Zhanaydar Ahmetov, leader of the trade union committee at China Petrol Company Zhongda was fired and locked out of the plant on August 29, the second union leader dismissed in two years, factory workers say. Oil refinery workers created a union last December, elected Ahmetov as chairman and joined the Mining and Metallurgy Trade Union of Kyrgyzstan (MMTUK). Some 350 of the 400 Kyrgyz workers in the refinery have joined the union. Although they negotiated a contract with management in January, the company refuses to sign it.

(Take action to urge the company to reinstate Ahmetov.)

The company now is challenging the union’s registration in court. In March, management set up a company-controlled union, and workers report that managers are pressuring them to join it.

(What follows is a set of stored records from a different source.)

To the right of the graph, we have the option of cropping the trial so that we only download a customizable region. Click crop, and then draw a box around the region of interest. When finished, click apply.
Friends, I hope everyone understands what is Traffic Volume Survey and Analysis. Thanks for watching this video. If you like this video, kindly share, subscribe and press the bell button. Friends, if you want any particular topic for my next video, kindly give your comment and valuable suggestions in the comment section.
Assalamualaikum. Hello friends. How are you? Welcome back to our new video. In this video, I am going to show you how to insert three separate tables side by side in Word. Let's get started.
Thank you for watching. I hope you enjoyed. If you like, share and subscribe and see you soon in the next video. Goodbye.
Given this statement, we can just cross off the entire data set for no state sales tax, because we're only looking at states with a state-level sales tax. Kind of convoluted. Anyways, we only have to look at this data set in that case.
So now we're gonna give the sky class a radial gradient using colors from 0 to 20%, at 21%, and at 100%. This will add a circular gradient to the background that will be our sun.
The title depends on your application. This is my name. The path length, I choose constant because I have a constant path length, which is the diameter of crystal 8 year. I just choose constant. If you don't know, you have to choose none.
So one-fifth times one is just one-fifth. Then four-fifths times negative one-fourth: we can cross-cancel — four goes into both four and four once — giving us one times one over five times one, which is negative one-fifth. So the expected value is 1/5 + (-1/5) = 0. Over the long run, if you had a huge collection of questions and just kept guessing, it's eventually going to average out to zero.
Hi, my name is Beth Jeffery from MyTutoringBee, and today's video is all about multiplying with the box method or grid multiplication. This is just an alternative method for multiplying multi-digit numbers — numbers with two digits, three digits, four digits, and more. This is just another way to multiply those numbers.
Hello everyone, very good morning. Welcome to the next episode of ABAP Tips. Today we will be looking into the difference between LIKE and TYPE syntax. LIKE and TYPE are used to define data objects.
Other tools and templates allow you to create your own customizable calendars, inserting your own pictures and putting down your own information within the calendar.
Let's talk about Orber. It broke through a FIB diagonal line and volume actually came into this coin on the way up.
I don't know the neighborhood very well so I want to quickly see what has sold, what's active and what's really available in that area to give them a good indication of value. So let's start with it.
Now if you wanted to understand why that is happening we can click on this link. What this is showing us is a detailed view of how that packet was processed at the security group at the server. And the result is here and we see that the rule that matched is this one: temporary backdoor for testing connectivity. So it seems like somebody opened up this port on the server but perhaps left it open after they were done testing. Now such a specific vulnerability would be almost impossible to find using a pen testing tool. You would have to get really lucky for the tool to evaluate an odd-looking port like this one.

Hazardous, Even Deadly Workplace Conditions
Following Ahmetov’s dismissal, hundreds of workers rallied at the refinery, demanding his reinstatement and reiterating to management the need for improved safety and health measures, an increase in wages and a collective bargaining agreement. Workers say workplace hazards include plant machinery with instruction and warning signs posted in Chinese, posing serious and even deadly risks to the primarily Kyrgyz-speaking factory workers.

In July, management refused entry to MMWUK’s safety and health inspectors, according to workers.

MMTUK President Eldar Tadjibaev says if management will not negotiate with workers, the union will take the company’s repeated violations of labor and human rights to the Kyrgyz state prosecutor.

Workers Forced to Sign Contract Lowering Their Wages
Zhongda, which began operating in Kyrgyzstan in 2013, employs nearly 1,000 workers, including management staff. Workers first created a union in April 2014, and in May, union leader Nuraev Almazbek was fired and the union disbanded. Almazbek is suing the company over the illegal dismissal.

Last November, managers told workers if they did not sign a contract lowering their wages, their actions would be interpreted as unwillingness to work and they would be fired.

Workers also are seeking compensation for hazardous working conditions, transparency about the hazards posed by specific duties and adherence to government regulations stipulating 90 percent of the workforce be locally based.